Description: Express the morphism part of ( G o.func F ) = I explicitly. (Contributed by Zhi Wang, 15-Nov-2025)

Ref Expression
Hypotheses cofid1a.i 
|- I = ( idFunc ` D )
cofid1a.b 
|- B = ( Base ` D )
cofid1a.x 
|- ( ph -> X e. B )
cofid1a.f 
|- ( ph -> F e. ( D Func E ) )
cofid1a.g 
|- ( ph -> G e. ( E Func D ) )
cofid1a.o 
|- ( ph -> ( G o.func F ) = I )
cofid2a.y 
|- ( ph -> Y e. B )
cofid2a.h 
|- H = ( Hom ` D )
cofid2a.r 
|- ( ph -> R e. ( X H Y ) )
Assertion cofid2a 
|- ( ph -> ( ( ( ( 1st ` F ) ` X ) ( 2nd ` G ) ( ( 1st ` F ) ` Y ) ) ` ( ( X ( 2nd ` F ) Y ) ` R ) ) = R )

Proof

Step Hyp Ref Expression
1 cofid1a.i 
 |-  I = ( idFunc ` D )
2 cofid1a.b 
 |-  B = ( Base ` D )
3 cofid1a.x 
 |-  ( ph -> X e. B )
4 cofid1a.f 
 |-  ( ph -> F e. ( D Func E ) )
5 cofid1a.g 
 |-  ( ph -> G e. ( E Func D ) )
6 cofid1a.o 
 |-  ( ph -> ( G o.func F ) = I )
7 cofid2a.y 
 |-  ( ph -> Y e. B )
8 cofid2a.h 
 |-  H = ( Hom ` D )
9 cofid2a.r 
 |-  ( ph -> R e. ( X H Y ) )
10 6 fveq2d 
 |-  ( ph -> ( 2nd ` ( G o.func F ) ) = ( 2nd ` I ) )
11 10 oveqd 
 |-  ( ph -> ( X ( 2nd ` ( G o.func F ) ) Y ) = ( X ( 2nd ` I ) Y ) )
12 11 fveq1d 
 |-  ( ph -> ( ( X ( 2nd ` ( G o.func F ) ) Y ) ` R ) = ( ( X ( 2nd ` I ) Y ) ` R ) )
13 2 4 5 3 7 8 9 cofu2 
 |-  ( ph -> ( ( X ( 2nd ` ( G o.func F ) ) Y ) ` R ) = ( ( ( ( 1st ` F ) ` X ) ( 2nd ` G ) ( ( 1st ` F ) ` Y ) ) ` ( ( X ( 2nd ` F ) Y ) ` R ) ) )
14 4 func1st2nd 
 |-  ( ph -> ( 1st ` F ) ( D Func E ) ( 2nd ` F ) )
15 14 funcrcl2 
 |-  ( ph -> D e.
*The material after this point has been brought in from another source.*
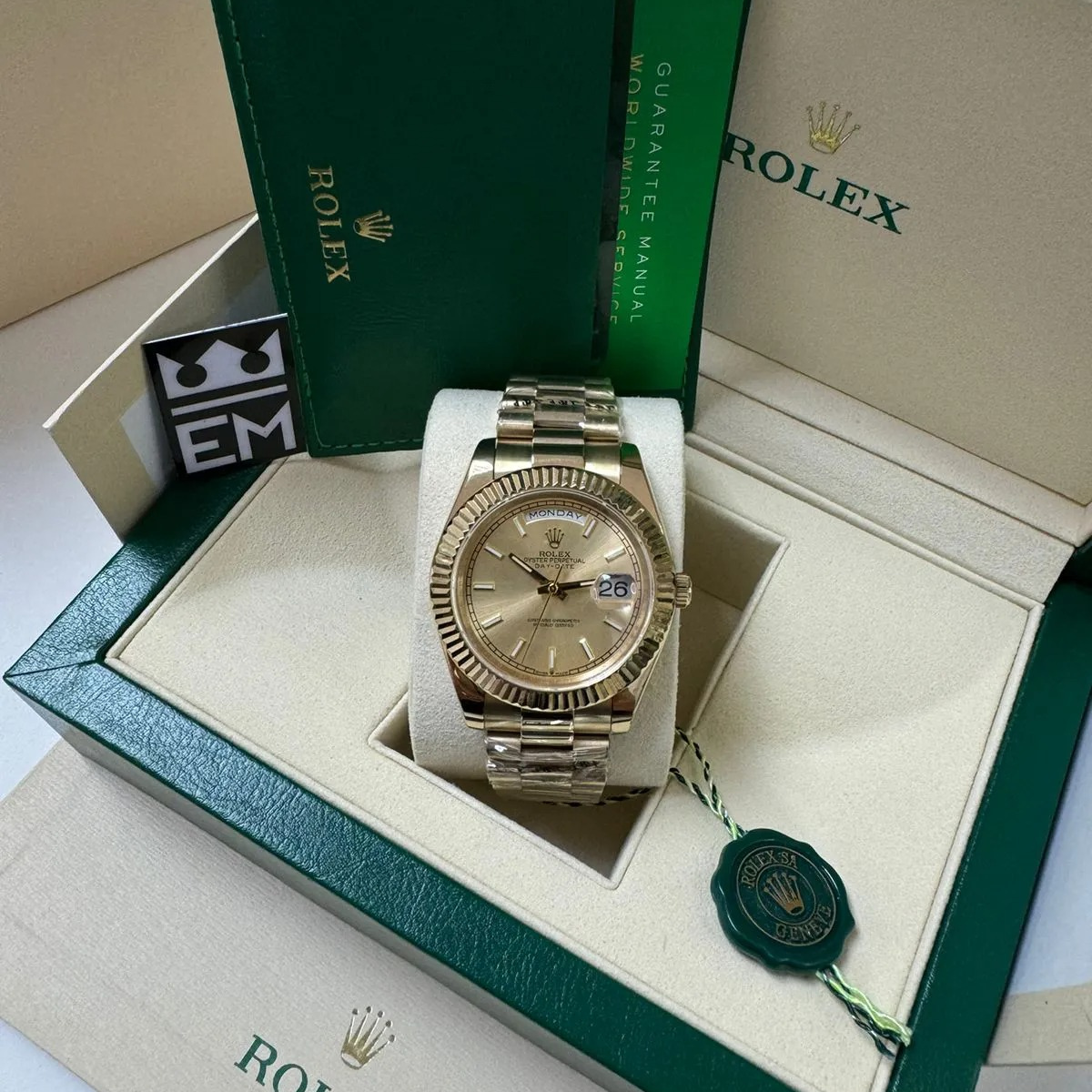 Rolex Day-Date 40 – Gold Dial - Image 3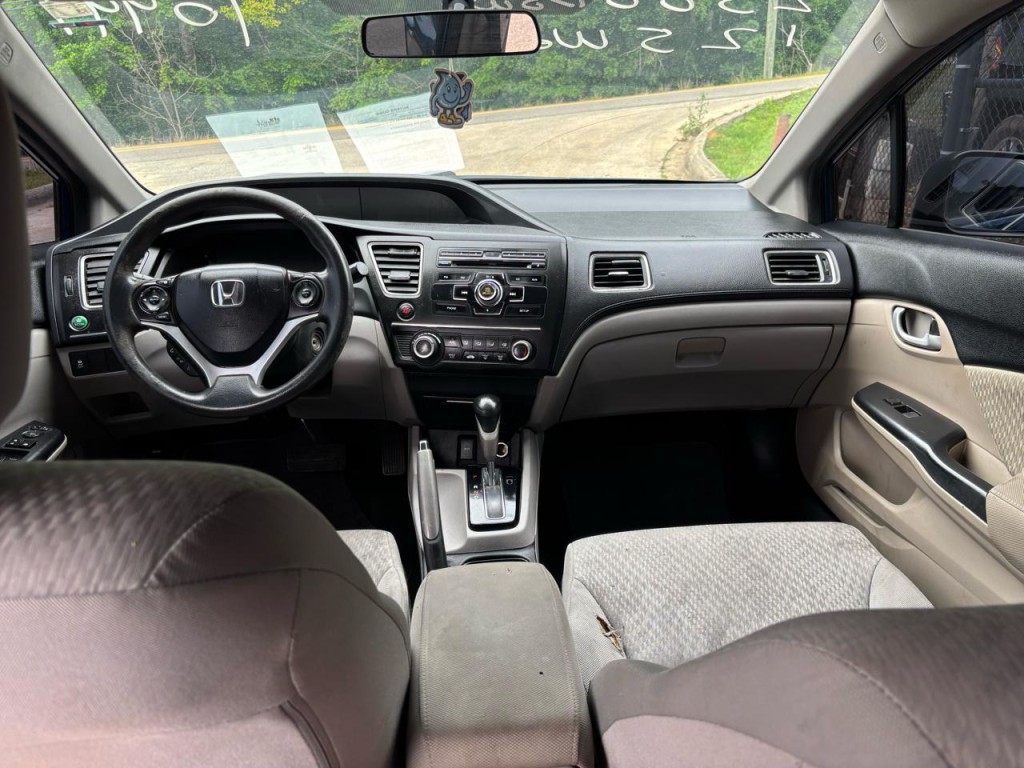 2015 Honda Civic Image 9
Cat )
16 1 2 15 8 3 7 9 idfu2 
 |-  ( ph -> ( ( X ( 2nd ` I ) Y ) ` R ) = R )
17 12 13 16 3eqtr3d 
 |-  ( ph -> ( ( ( ( 1st ` F ) ` X ) ( 2nd ` G ) ( ( 1st ` F ) ` Y ) ) ` ( ( X ( 2nd ` F ) Y ) ` R ) ) = R )